On separate note, and it doesn't matter for this murder case now, out of all of these videos of the deceased visits to this job site what is he doing? Is he looking around or is he loading things up? I would think a vehicle would be an important tool to rob a job site.
My thoughts are tending towards viewing it as a non-factor with regards to murder/manslaughter charges. Not that it matters legally, since Georgia does not have hate crime laws, but it could be argued to a jury that it is evidence of no/minimal racial bias in the incident to a jury. Not sure how that would go though.
The person that filmed the video has been arrested and there's evidence that he had earlier hit the fellow with his truck in order to try to stop him. He also said that the son that shot the rifle stood over the body and exclaimed "f---ing n-word".
If these details are accurate, despite being absolutely deplorable actions on top of the absolutely deplorable actions we already saw on film, this might be a good thing if it can strengthen the case against them in court. It clears up some of the ambiguity about whether the (utterly insane) citizen's arrest law is applicable as a loophole.
I just want to point out that I read in a news article that (at least in Georgia) it's not trespassing for a person to walk through a house that's under construction to take a peek, especially when the house has no walls, doors, windows or other barriers up to keep people out. I guess the rationale is that you can't break and enter into a dwelling that's wide open. As far as the claim that there were a "string" of robberies in the neighborhood goes, one burglary from an unlocked car does not a "string" make.
Likeness means nothing. Thousands of black men have been detained, arrested and murdered by LEOs just because they "fit the description". That is a very old excuse racist LEOs use to justify harassing black men. All it takes for a black man to "fit the description" is being black if the accuser is white and claims a black man committed a crime against them. Police go out and harass every black male they come across, regardless of their height, weight, complexion (light, medium, dark) or any other identifying characteristics, especially if the crime was violent or involved a weapon. I've seen it with my own eyes.
The jury is deliberating. I was nervous that they would get off due to the outrageous GA citizen's arrest law that allows civilians to essentially deputize themselves. However, the judge came in at the last hour with a ruling on the application of the law that derailed the defense's entire case. Admittedly, I didn't listen hard enough to the arguments made, so I'm not sure how true the judge's interpretation is. It sounded like the procecution and the judge were just quibbling over what the syntax of the law implies in context and the judge decided to go with his gut.
I think it looks good that they will convict. However, I think the defendants have a strong case for an appeal, since the judge waited until the very end to rip the carpet right out from under the defense.
Despite how I feel about the defendants, I'm bothered by how the case went down. I'm no legal expert, but I'm confused about how it's not unconstitutional. Maybe it is?
Isn't about the constitution exactly, in GA, good ole boy has trumped that in rural counties forever. This case is only happening because of press. You can literally see and hear defense attorneys struggle with the actual and full law versus what has always been the reality for connected white folk and how the "law" was selective application to let stuff like this occur over and over.

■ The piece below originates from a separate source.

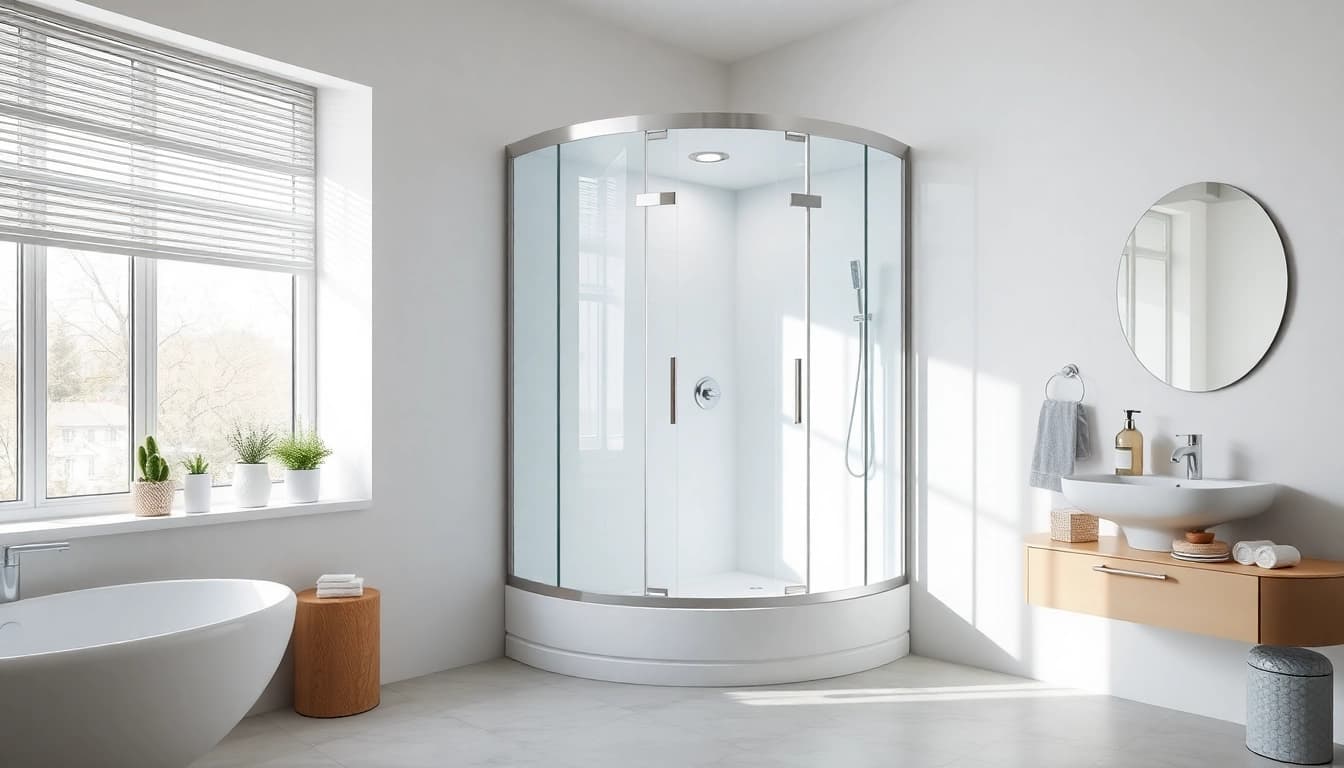 Erleben Sie die Eleganz der sonni Duschkabine 90x90 in einem modernen Badezimmer.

Georgia resident, white guy and frankly until other white guys figure out you aren't a racist POS they are surprising open with it all.
I only wish the death penalty was in the table...
While the judge may have brought down a ruling, it’s always hard to disqualify entire arguments if they were succinctly made. Coming in at the last hour… don’t have the most confidence that it’s not too late or isn’t effectively a softball to an appeal.